On mathematics as language

The following is something I wrote back in summer of 2010, directed toward a friend who had studied mathematics and said, “Math is the truth.”

If one says, “Math is the truth,” it begs me to ask: what is “truth” in this context?

I’m tempted to think of “Truth” as something that is always fact, no matter what.

Where is math, what is its location?  The human mind (that grasps math), it seems.  Numbers do not exist in the natural, physical world (one cannot see a three cowering in the corner, a two tip-toeing…); rather, numbers work as objective adjectives (as you nicely put it, “universal descriptors”): three dogs play in the yard, etc.  Numbers are, in themselves, concepts that have the potential to describe events in the world once units are partnered with them.  Numbers are, in themselves, independent of the physical world; yes, their location seems to be the mind.

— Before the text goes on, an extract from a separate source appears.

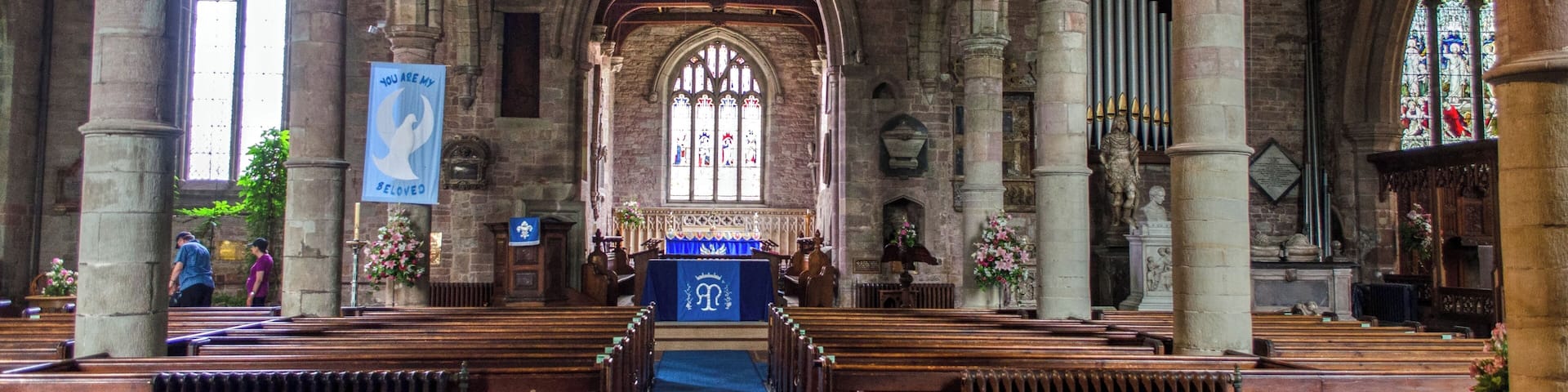 An interior of a church with arched ceilings, wooden pews, stained glass windows, and a central aisle leading to an altar.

(We can certainly derive mathematical principles from the physical world.  But, for example, a circle we encounter in the natural world would have to be composed of some substance—it is not purely a circle, but a substance in the shape of a circle.  Nature definitely expresses a form of mathematics, don’t get me wrong!  I just mean one cannot find pure mathematics in the physical world [of course, one could argue: certainly, because it is the physical world and everything is physical!], but anyway…)

The fact that numbers are independent of the physical world seems to provide a sort of eternal, beyond-the-organic-temporal quality to math [sorry if this seems worded a bit weird].  But, would math exist without the mind?  Does math’s dependence on the mind make it less of a “truth”?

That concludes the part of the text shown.